I’m very please to have picked up an Azkoyen Bravo 1-group for only £67.
Listed as spares or repair, if has obviously been dropped in transit at some point as the legs are severely bent, and the chassis panels don’t line up. However, before wasting time on straightening it up, I wanted to see if it was working.
When testing a machine I don’t know, I assume it is full of dangerous faults and proceed carefully one step at a time. It is necessary to consider:
1. The mains wiring is incorrect and dangerous, with the possibility of incorrectly wired earth, poor earth connection to chassis, wire repairs with insulation tape, bare wires exposed inside casing, etc
2. Joints and hoses that leak and will spray water or hot steam on humans, electrical wiring, and your new flooring. This may not necessarily occur immediately, and may result from solenoid valves opening, pressure in the system increasing as it is heated, and so on.

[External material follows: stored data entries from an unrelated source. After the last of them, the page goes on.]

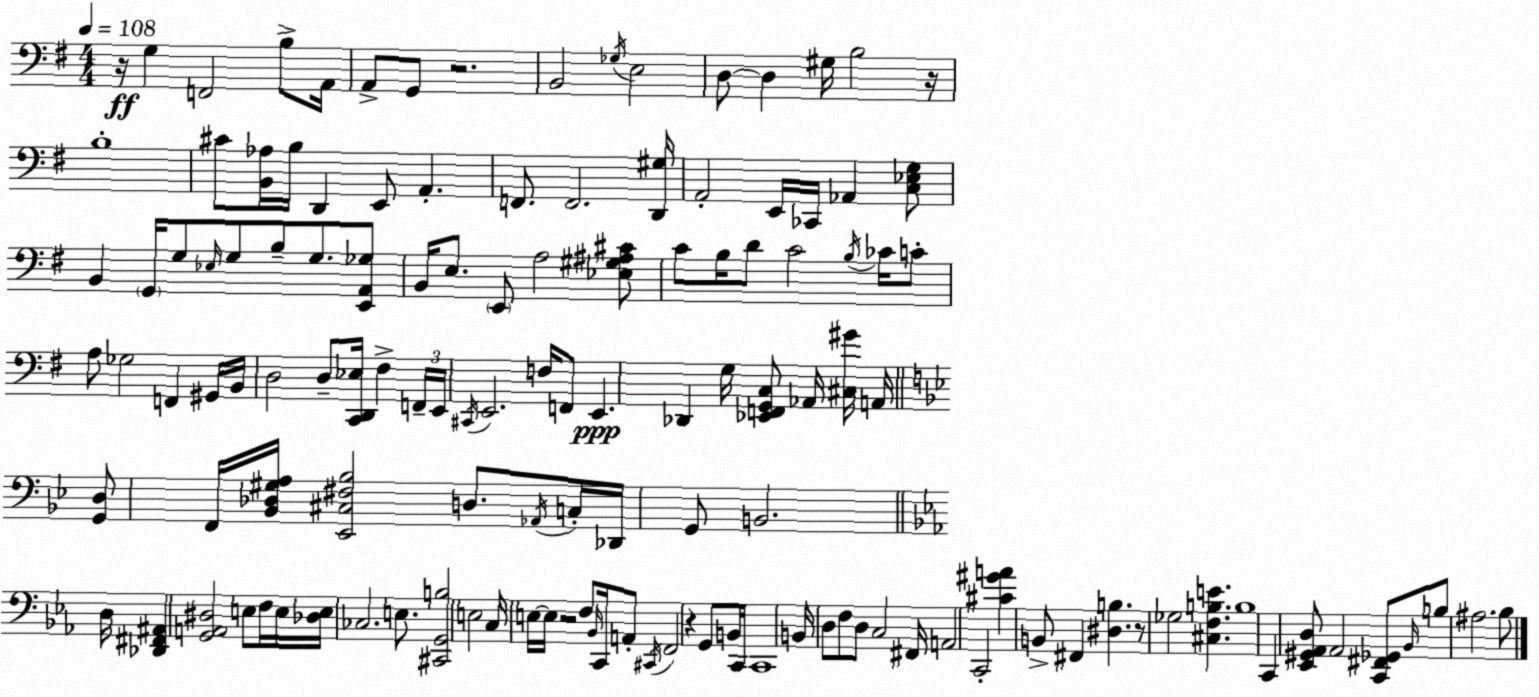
X:1
T:Untitled
M:4/4
L:1/4
K:G
z/4 G, F,,2 B,/2 A,,/4 A,,/2 G,,/2 z2 B,,2 _G,/4 E,2 D,/2 D, ^G,/4 B,2 z/4 B,4 ^C/2 [B,,_A,]/4 B,/4 D,, E,,/2 A,, F,,/2 F,,2 [D,,^G,]/4 A,,2 E,,/4 _C,,/4 _A,, [C,_E,G,]/2 B,, G,,/4 G,/2 _E,/4 G,/2 B,/2 G,/2 [E,,A,,_G,]/2 B,,/4 E,/2 E,,/2 A,2 [_E,^G,^A,^C]/2 C/2 B,/4 D/2 C2 B,/4 _C/4 C/2 A,/2 _G,2 F,, ^G,,/4 B,,/4 D,2 D,/2 [C,,D,,_E,]/4 ^F, F,,/4 E,,/4 ^C,,/4 E,,2 F,/4 F,,/2 E,, _D,, G,/4 [_E,,F,,G,,C,]/2 _A,,/4 [^C,^G]/4 A,,/4 [G,,D,]/2 F,,/4 [_B,,_D,^G,A,]/4 [_E,,^C,^F,_B,]2 D,/2 _A,,/4 C,/4 _D,,/4 G,,/2 B,,2 D,/4 [_D,,^F,,^A,,] [G,,A,,^D,]2 E,/2 F,/4 E,/4 [_D,E,]/4 _C,2 E,/2 [^C,,G,,B,]2 E,2 C,/4 E,/4 E,/4 z2 F,/2 _B,,/4 C,,/4 A,,/2 ^C,,/4 F,,2 z G,,/2 B,,/4 C,,/4 C,,4 B,,/4 D,/2 F,/2 D,/2 C,2 ^F,,/4 A,,2 C,,2 [^C^GA] B,,/2 ^F,, [^D,B,] z/2 _G,2 [^C,F,B,E] B,4 C,, [_E,,^G,,_A,,D,]/2 _A,,2 [C,,^F,,_G,,]/2 _B,,/4 B,/2 ^A,2 _B,/2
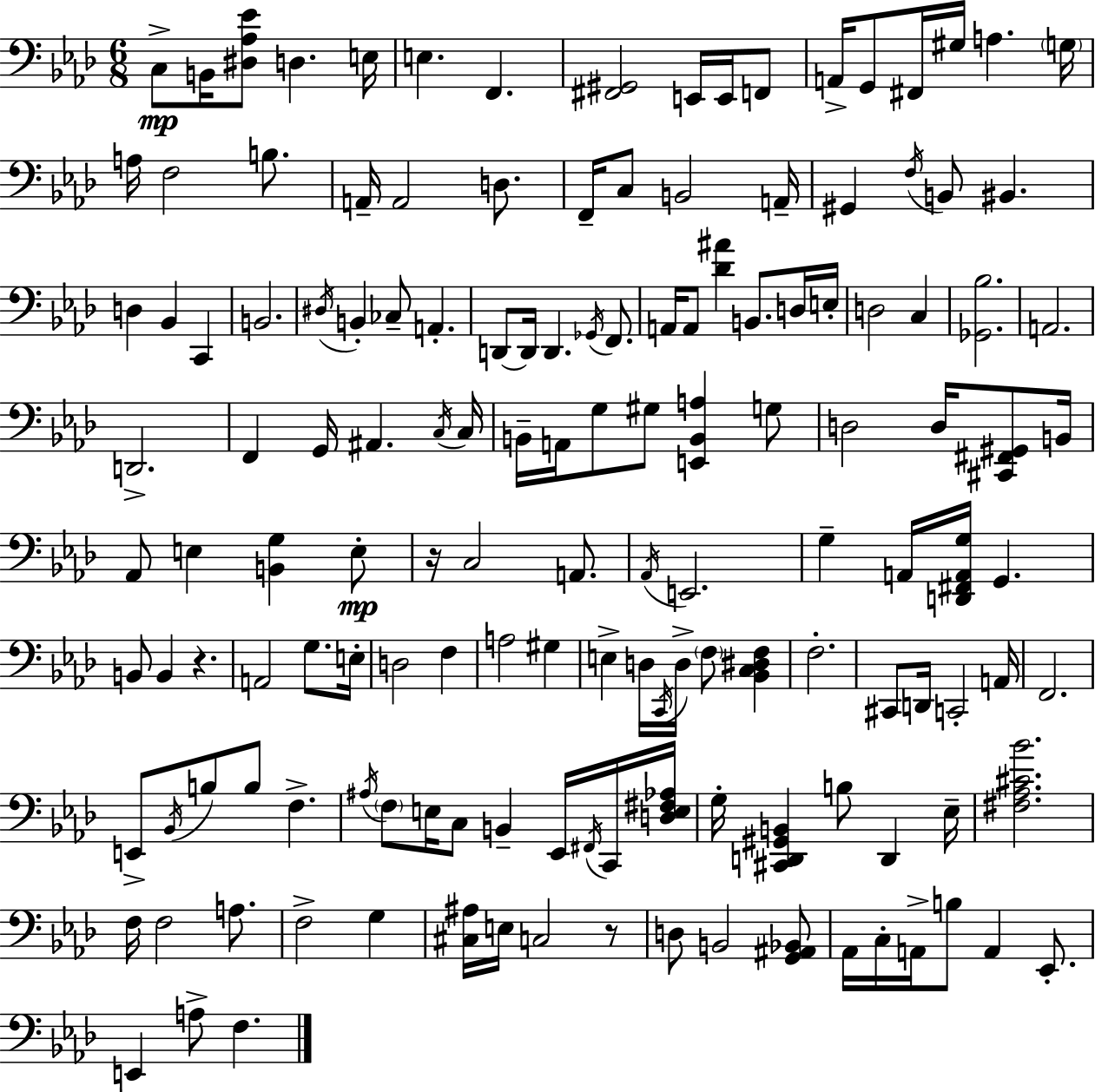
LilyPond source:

{
  \clef bass
  \numericTimeSignature
  \time 6/8
  \key aes \major
  c8->\mp b,16 <dis aes ees'>8 d4. e16 | e4. f,4. | <fis, gis,>2 e,16 e,16 f,8 | a,16-> g,8 fis,16 gis16 a4. \parenthesize g16 | \break a16 f2 b8. | a,16-- a,2 d8. | f,16-- c8 b,2 a,16-- | gis,4 \acciaccatura { f16 } b,8 bis,4. | \break d4 bes,4 c,4 | b,2. | \acciaccatura { dis16 } b,4-. ces8-- a,4.-. | d,8~~ d,16 d,4. \acciaccatura { ges,16 } | \break f,8. a,16 a,8 <des' ais'>4 b,8. | d16 e16-. d2 c4 | <ges, bes>2. | a,2. | \break d,2.-> | f,4 g,16 ais,4. | \acciaccatura { c16 } c16 b,16-- a,16 g8 gis8 <e, b, a>4 | g8 d2 | \break d16 <cis, fis, gis,>8 b,16 aes,8 e4 <b, g>4 | e8-.\mp r16 c2 | a,8. \acciaccatura { aes,16 } e,2. | g4-- a,16 <d, fis, a, g>16 g,4. | \break b,8 b,4 r4. | a,2 | g8. e16-. d2 | f4 a2 | \break gis4 e4-> d16 \acciaccatura { c,16 } d16-> | \parenthesize f8 <bes, c dis f>4 f2.-. | cis,8 d,16 c,2-. | a,16 f,2. | \break e,8-> \acciaccatura { bes,16 } b8 b8 | f4.-> \acciaccatura { ais16 } \parenthesize f8 e16 c8 | b,4-- ees,16 \acciaccatura { fis,16 } c,16 <d e fis aes>16 g16-. <cis, d, gis, b,>4 | b8 d,4 ees16-- <fis aes cis' bes'>2. | \break f16 f2 | a8. f2-> | g4 <cis ais>16 e16 c2 | r8 d8 b,2 | \break <g, ais, bes,>8 aes,16 c16-. a,16-> | b8 a,4 ees,8.-. e,4 | a8-> f4. \bar "|."
}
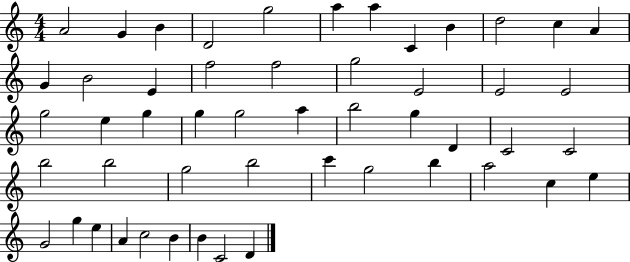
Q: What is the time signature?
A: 4/4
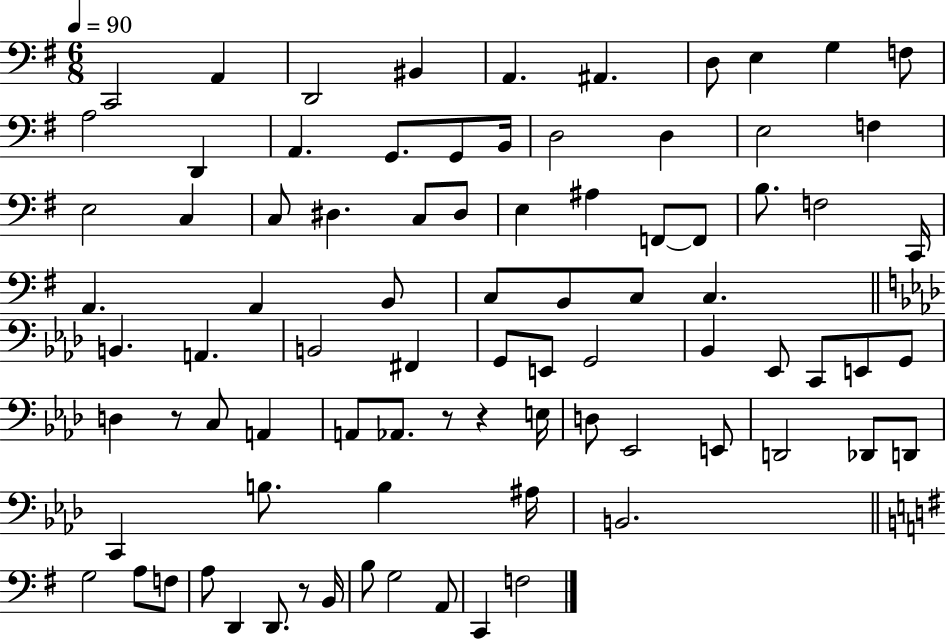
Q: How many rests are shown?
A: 4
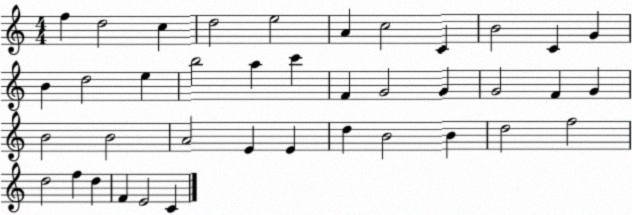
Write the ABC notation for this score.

X:1
T:Untitled
M:4/4
L:1/4
K:C
f d2 c d2 e2 A c2 C B2 C G B d2 e b2 a c' F G2 G G2 F G B2 B2 A2 E E d B2 B d2 f2 d2 f d F E2 C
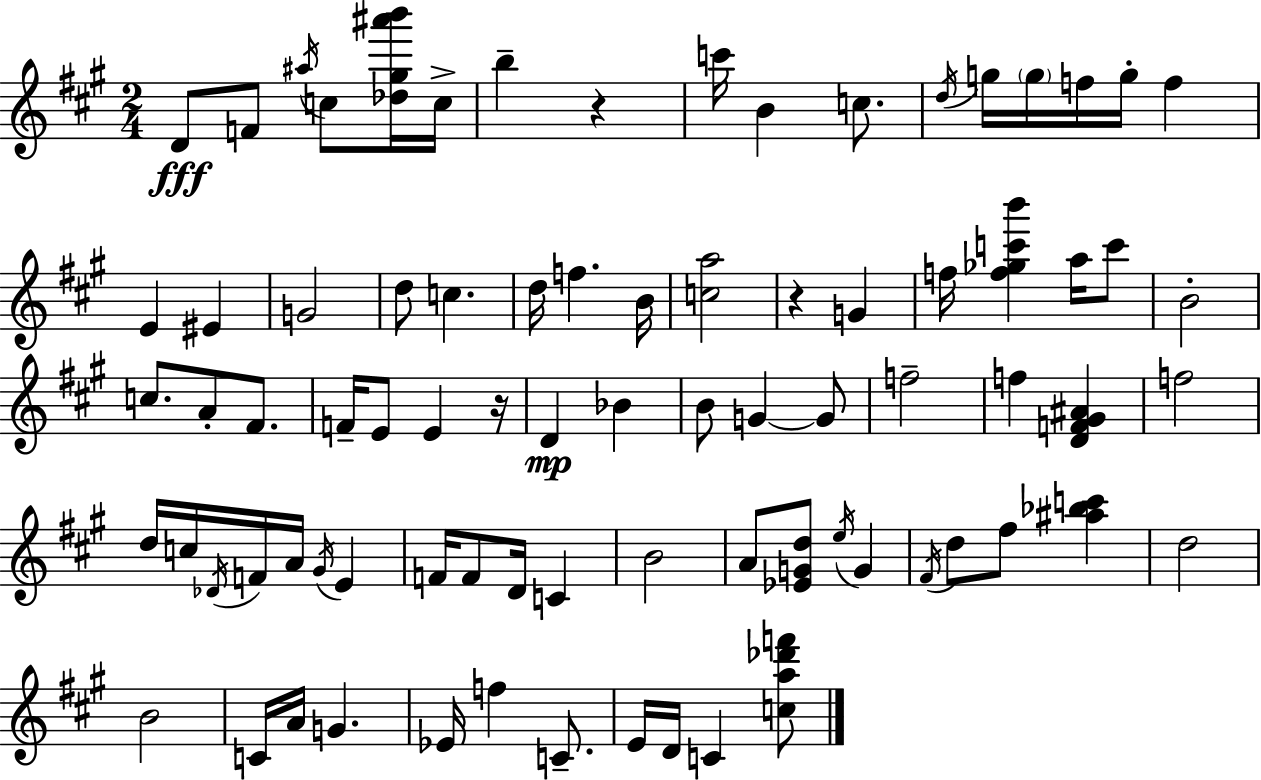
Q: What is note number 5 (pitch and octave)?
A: C5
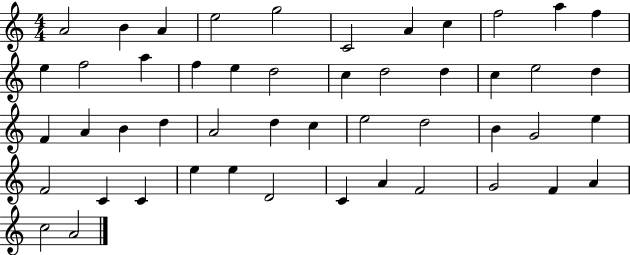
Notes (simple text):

A4/h B4/q A4/q E5/h G5/h C4/h A4/q C5/q F5/h A5/q F5/q E5/q F5/h A5/q F5/q E5/q D5/h C5/q D5/h D5/q C5/q E5/h D5/q F4/q A4/q B4/q D5/q A4/h D5/q C5/q E5/h D5/h B4/q G4/h E5/q F4/h C4/q C4/q E5/q E5/q D4/h C4/q A4/q F4/h G4/h F4/q A4/q C5/h A4/h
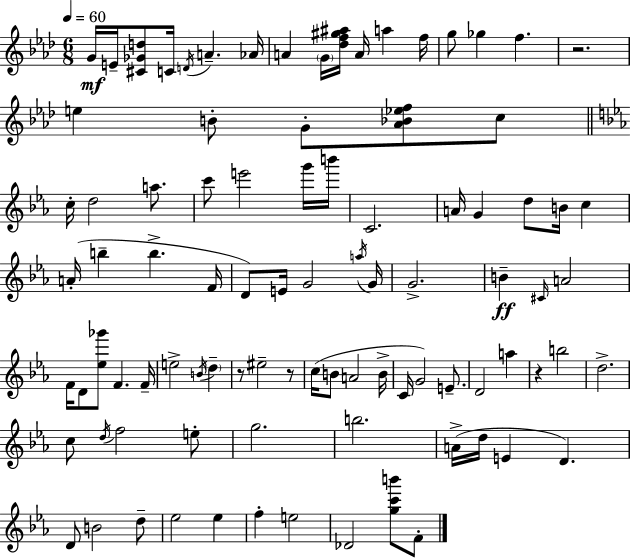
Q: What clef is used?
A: treble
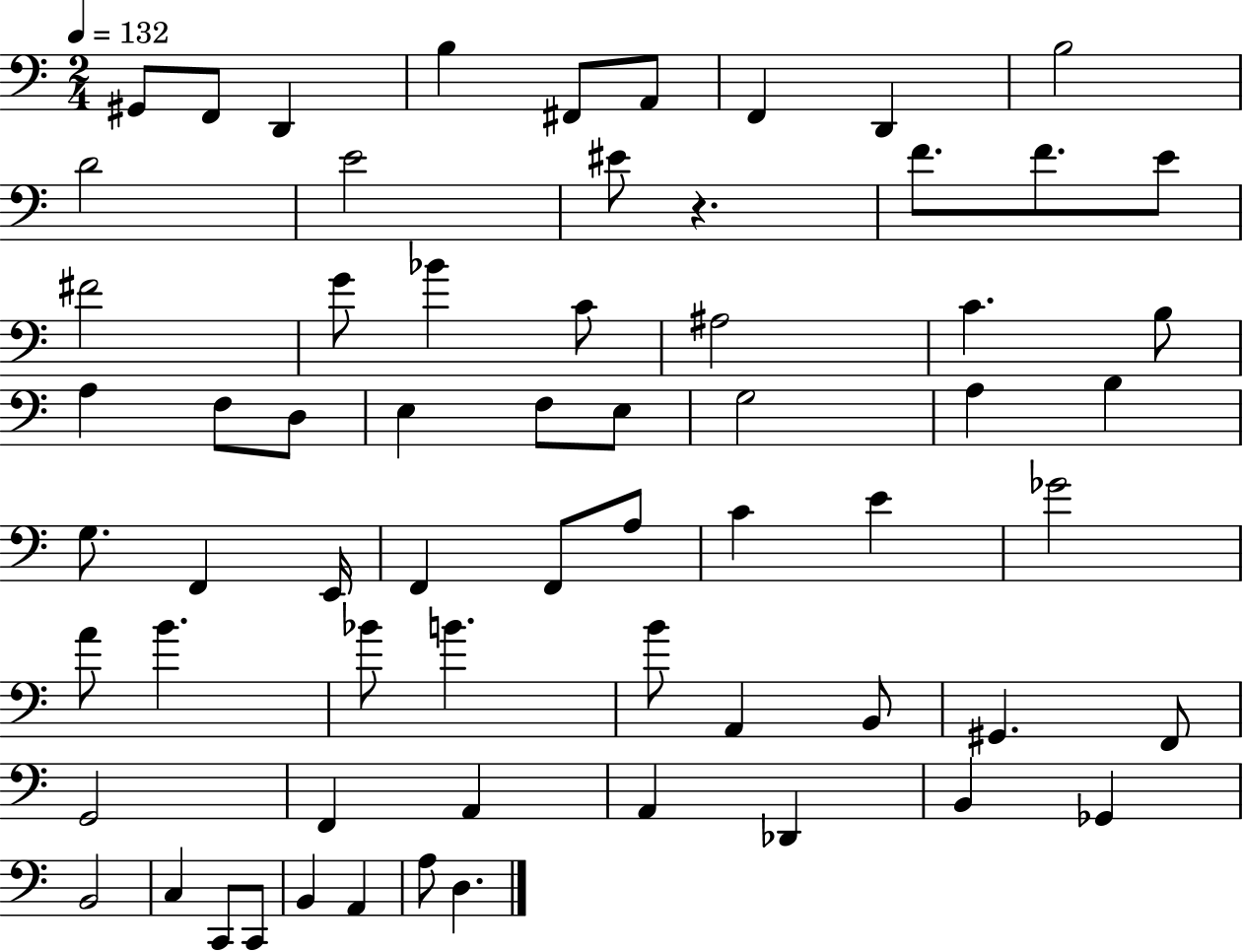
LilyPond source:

{
  \clef bass
  \numericTimeSignature
  \time 2/4
  \key c \major
  \tempo 4 = 132
  gis,8 f,8 d,4 | b4 fis,8 a,8 | f,4 d,4 | b2 | \break d'2 | e'2 | eis'8 r4. | f'8. f'8. e'8 | \break fis'2 | g'8 bes'4 c'8 | ais2 | c'4. b8 | \break a4 f8 d8 | e4 f8 e8 | g2 | a4 b4 | \break g8. f,4 e,16 | f,4 f,8 a8 | c'4 e'4 | ges'2 | \break a'8 b'4. | bes'8 b'4. | b'8 a,4 b,8 | gis,4. f,8 | \break g,2 | f,4 a,4 | a,4 des,4 | b,4 ges,4 | \break b,2 | c4 c,8 c,8 | b,4 a,4 | a8 d4. | \break \bar "|."
}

3. Safety systems designed to protect you which are bypassed, faulty or non-operational.
First task was to check the electrical safety. This machine can operate on single or three phase, and so there is a diagram below the drip tray which shows the connections. The earth connection to the chassis was in place and well made. The mains wiring to the main isolator was in good condition.
For single phase wiring, the two live wires in the mains lead are coloured black, and the neutrals are coloured brown and blue. This wiring just fits in a British plug for testing purposes, but really a new mains cable is required corresponding the the standard UK colours of Brown (phase) and blue (live). The current draw in this configuration is 11A, so a 13A fuse is fitted to the plug. The wiring fitted the plug and it is safe for testing purposes.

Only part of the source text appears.